• [WORK REQUEST]: For this exercise, retype the lines from the one that holds "Ștergătoare Suzuki Grand" through the one that holds "Minimalist Solid Wood Wall Sconce - Lumpaz" in the records below, both included, exactly and without pictures.

• [DATA]:
—————

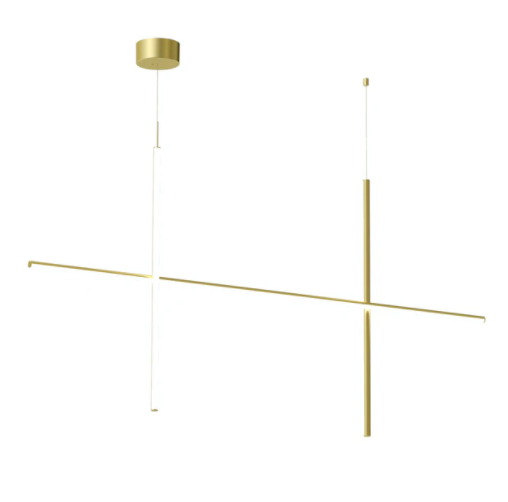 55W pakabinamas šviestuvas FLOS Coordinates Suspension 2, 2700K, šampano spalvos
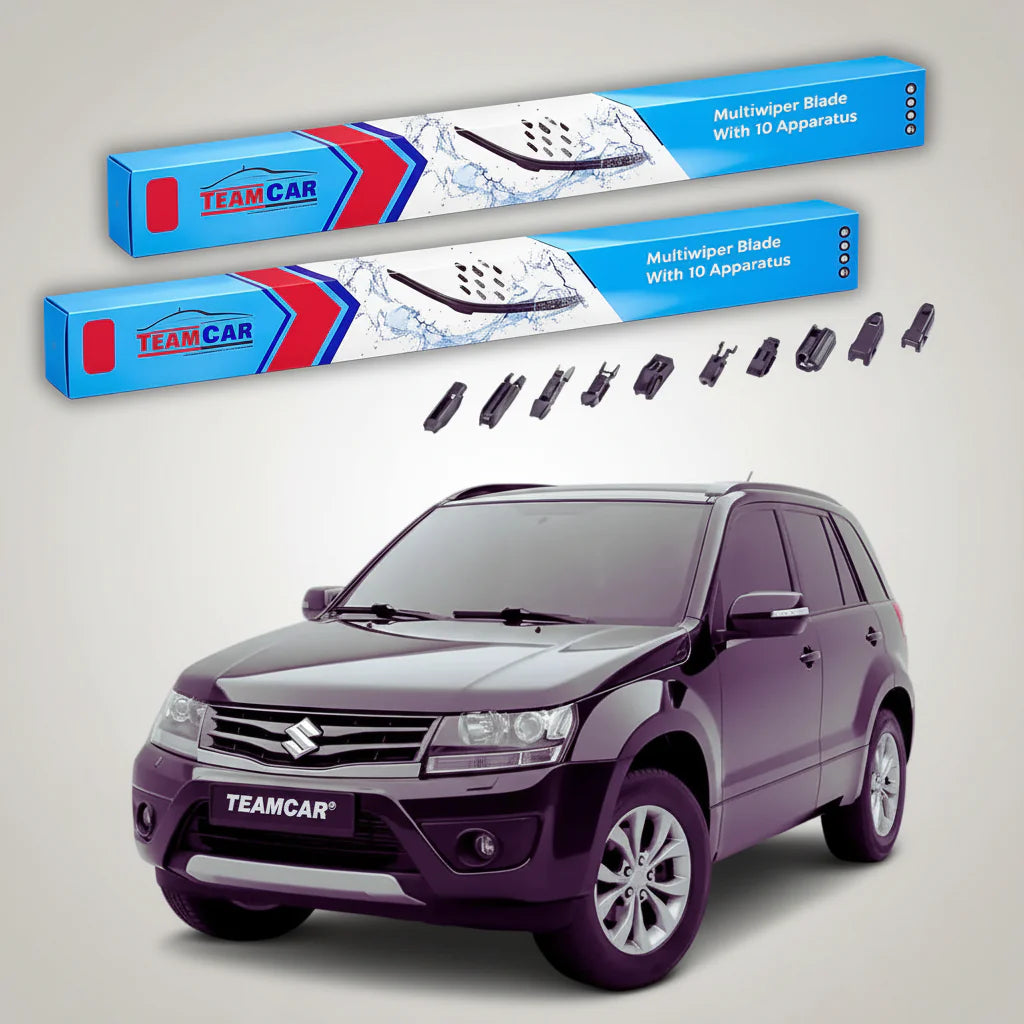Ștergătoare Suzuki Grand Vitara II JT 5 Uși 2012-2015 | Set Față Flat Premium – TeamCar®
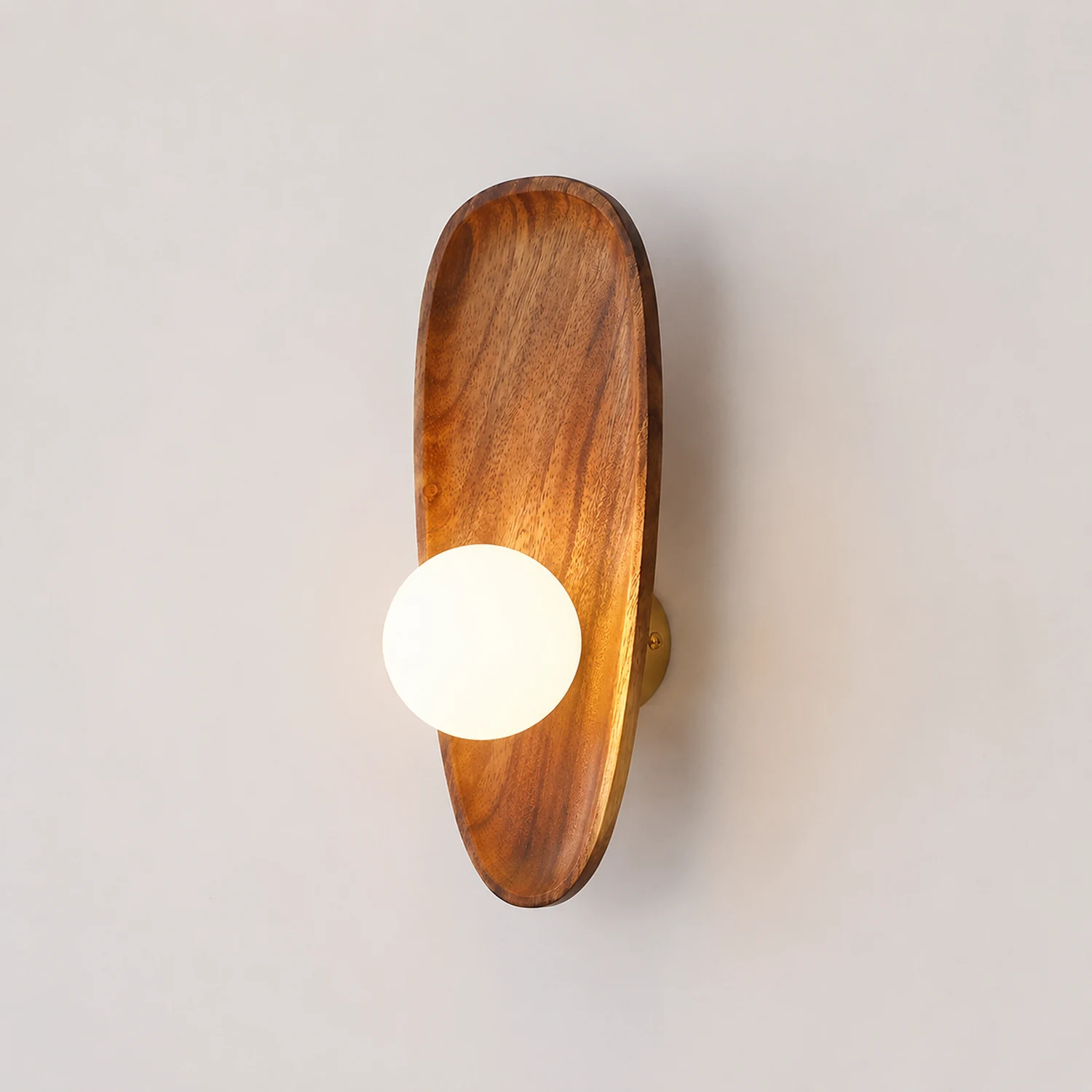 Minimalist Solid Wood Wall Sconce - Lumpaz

—————

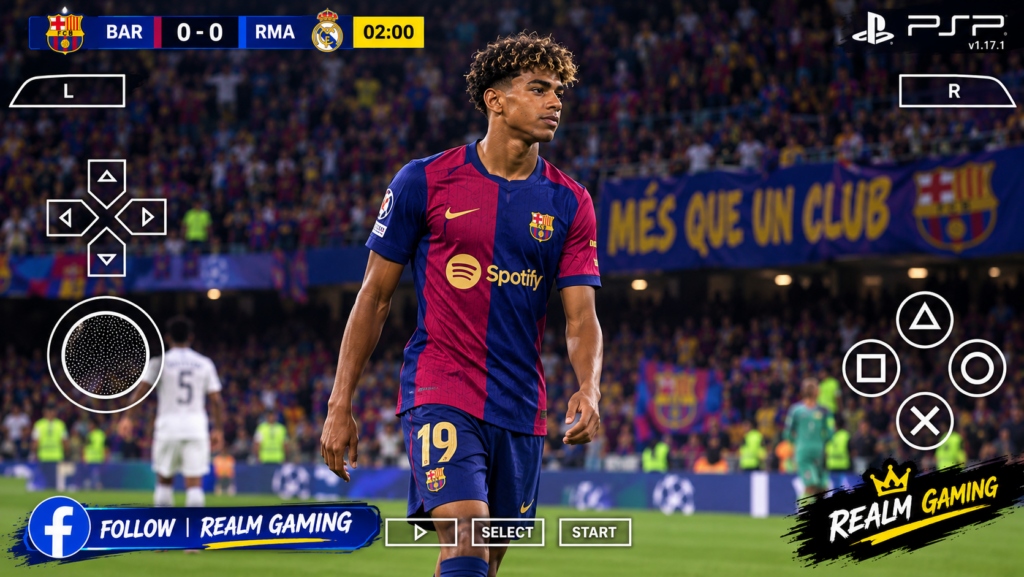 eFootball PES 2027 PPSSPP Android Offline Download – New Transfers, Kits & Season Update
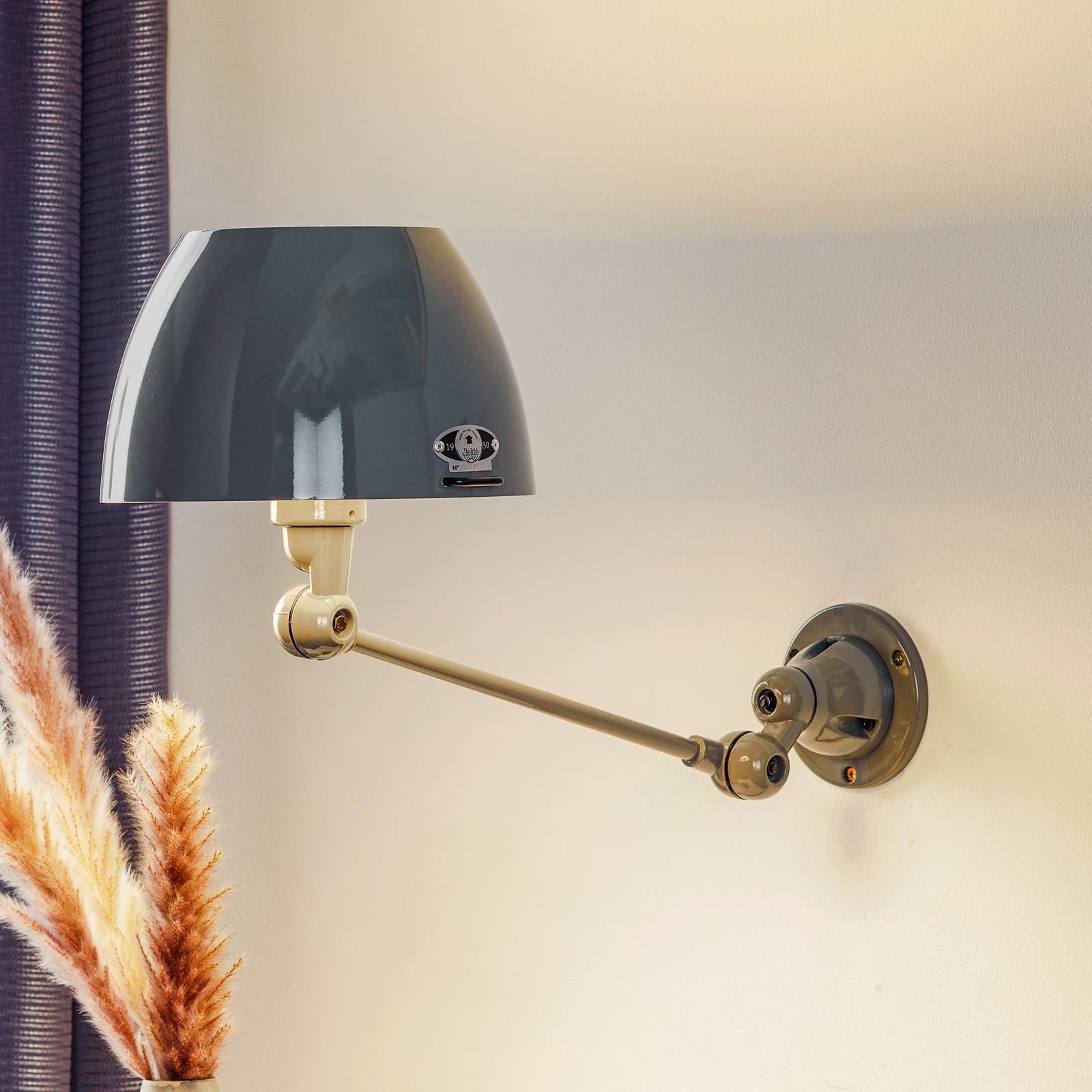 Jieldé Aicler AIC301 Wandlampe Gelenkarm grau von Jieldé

—————

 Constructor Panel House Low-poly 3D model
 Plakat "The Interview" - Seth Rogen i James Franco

—————

• [WRITTEN SOLUTION]:
Ștergătoare Suzuki Grand Vitara II JT 5 Uși 2012-2015 | Set Față Flat Premium – TeamCar®
 Minimalist Solid Wood Wall Sconce - Lumpaz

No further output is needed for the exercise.